Le porte-parole de la Maison Blanche, Eric Schultz, a déclaré que le président américain Barack Obama « a exprimé ses condoléances pour les vies innocentes perdues, a ordonné à son équipe de proposer une assistance appropriée aux autorités turques, selon les besoins, et de le tenir à jour ».

La chef de la politique étrangère de l’Union européenne (UE), Federica Mogherini, a condamné l’attaque sur son compte Twitter : « 2017 commence par un attentat à Istanbul. Nous pensons aux victimes et à leurs proches. Nous continuons à travailler pour empêcher ces tragédies ».

En fait, cette tuerie horrible provient de l’intervention militaire des États-Unis et de l’UE au Moyen-Orient et en Turquie et, en particulier, de la collaboration du gouvernement de l’AKP avec la guerre par procuration dirigée par les États-Unis en Syrie. Si l’ÉI dispose d’un vaste réseau de dizaines ou même de centaines d’opérateurs en Turquie, c’est parce que la CIA et ses alliés européens et du Moyen-Orient ont utilisé la Turquie comme une base pour armer et soutenir les milices islamistes d’opposition opérant à travers la frontière en Syrie.

La décision de l’élite dirigeante turque de transformer la Turquie en un important poste pour armer des milices de l’opposition effectuant des raids, des attentats terroristes et des crimes de guerre en Syrie a non seulement eu des conséquences horribles pour la population de la Syrie. La dévastation et le dépeuplement de la Syrie ont également plongé la Turquie dans une effusion de sang grandissante.

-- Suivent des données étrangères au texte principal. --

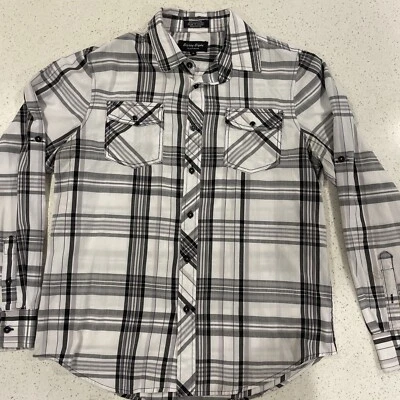 Eighty Eight Shirt Men Size Medium Platinum Long Sleeve Button Up Plaid Black - Image 1 of 4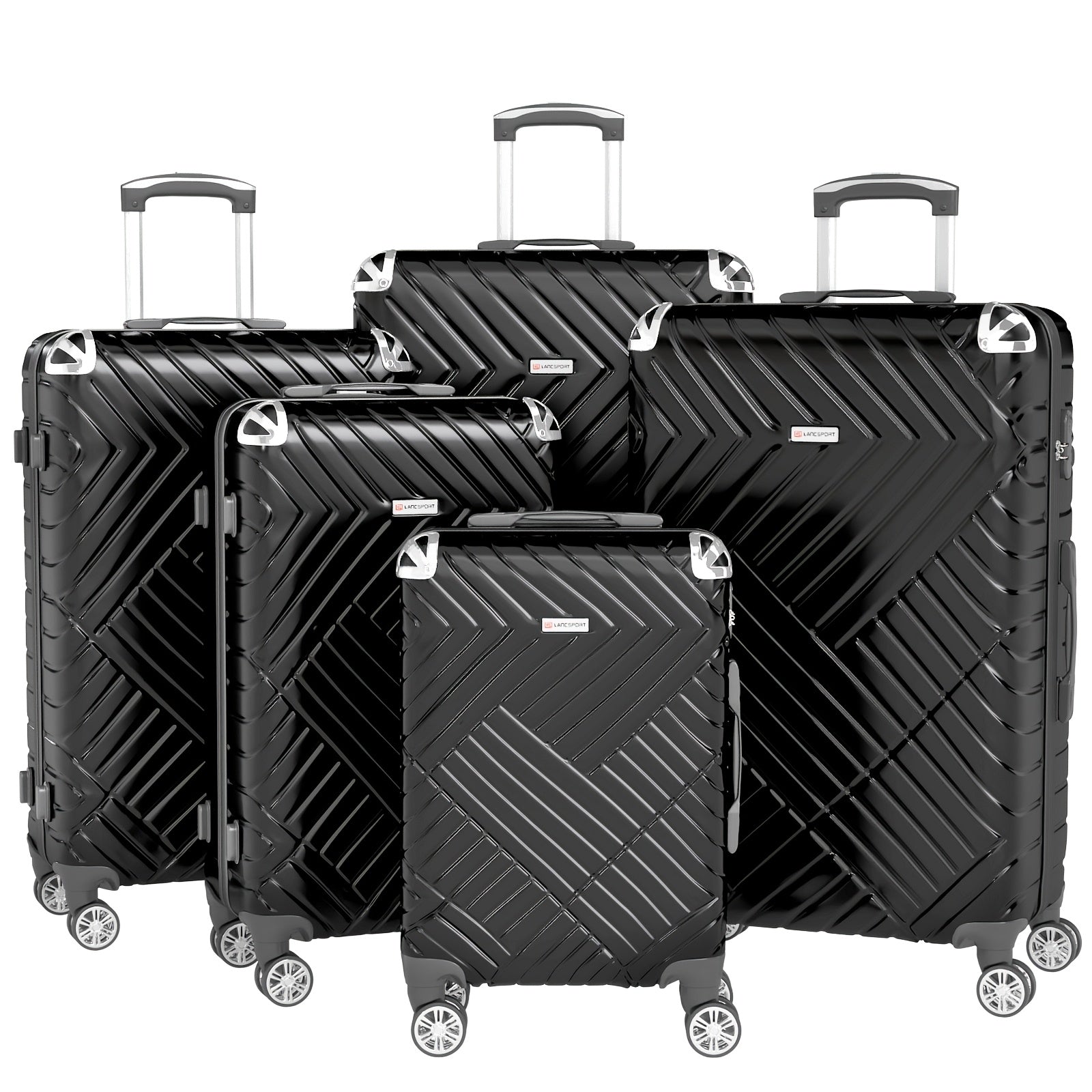 Juego de 5 maletas para vacaciones, viajes de negocios y familiares, juego de maletas rodantes duraderas y ligeras con múltiples tamaños disponibles, mango telescópico, opcional en 10 colores incluyendo negro, rojo, azul, gris, verde, etc.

L’ÉI a mené à plusieurs reprises des attentats terroristes et la répression de l’armée turque contre la population kurde, craignant que Washington ne renforce trop les nationalistes kurdes en armant des milices kurdes syriennes en Syrie, a plongé les régions kurdes du pays en guerre civile.

L’ÉI fut responsable de l’attaque la plus sanglante de l’histoire de la Turquie, le 10 octobre 2015, tuant au moins 109 personnes et en blessant plus de 500 dans un attentat suicide double contre un rassemblement pacifique à Ankara. En 2016, l’État islamique a mené six attentats terroristes en Turquie, où 127 personnes ont été tuées et quelque 320 autres blessées.

Les groupes qui se sont scindés du mouvement nationaliste kurde, comme les Faucons de la liberté du Kurdistan (TAK), ont également fait plusieurs attaques terroristes, y compris des attentats à la bombe en décembre à Istanbul et à Kayseri.

Dans cette attaque du Nouvel An, le grief spécifique cité par l’ÉI était l’alliance du gouvernement turc avec la Russie et l’Iran pour tenter d’écraser les milices islamistes d’opposition comme l’ÉI à l’intérieur de la Syrie. La semaine dernière, la Turquie a négocié un cessez-le-feu en Syrie avec des responsables russes et iraniens couvrant une grande partie de la Syrie, mais elle a poursuivi avec des attaques sanglantes contre Al Bab visant à s’emparer de la capitale de l’ÉI en Syrie, Raqqa. L’ÉI semble avoir riposté en organisant une nouvelle attentat terroriste sur le sol turc.